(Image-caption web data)
"""
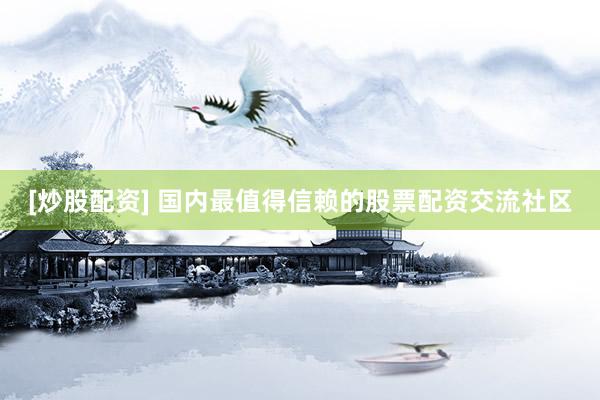 [炒股配资] 国内最值得信赖的股票配资交流社区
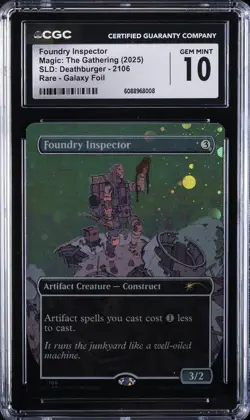 2025 MAGIC: THE GATHERING - SLD: DEATHBURGER FOUNDRY INSPECTOR CGC 10 GEM MINT - Image 1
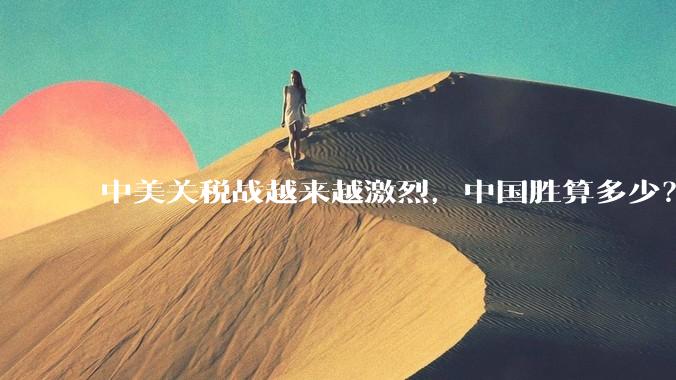 中美关税战越来越激烈，中国胜算多少？
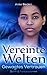 Vereinte Welten by Anke Becker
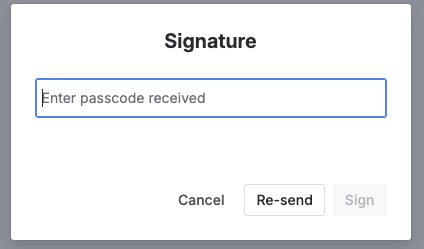 The Signature dialog, with a field for the passcode and Cancel, Re-send, and Sign.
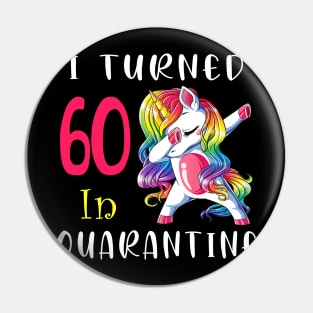 I Turned 60 in quarantine Cute Unicorn Dabbing Pin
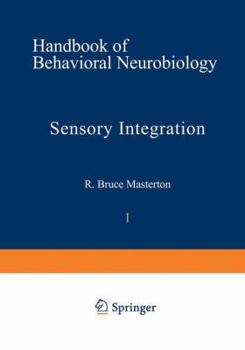 Hardcover Sensory Integration: Handbook of Behavioral Neurobiology Book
"""
Exclude all images, then retype the records above without alteration.

- _Written answer_
 [炒股配资] 国内最值得信赖的股票配资交流社区
 2025 MAGIC: THE GATHERING - SLD: DEATHBURGER FOUNDRY INSPECTOR CGC 10 GEM MINT - Image 1
 中美关税战越来越激烈，中国胜算多少？
 Vereinte Welten by Anke Becker
 The Signature dialog, with a field for the passcode and Cancel, Re-send, and Sign.
 I Turned 60 in quarantine Cute Unicorn Dabbing Pin
 Hardcover Sensory Integration: Handbook of Behavioral Neurobiology Book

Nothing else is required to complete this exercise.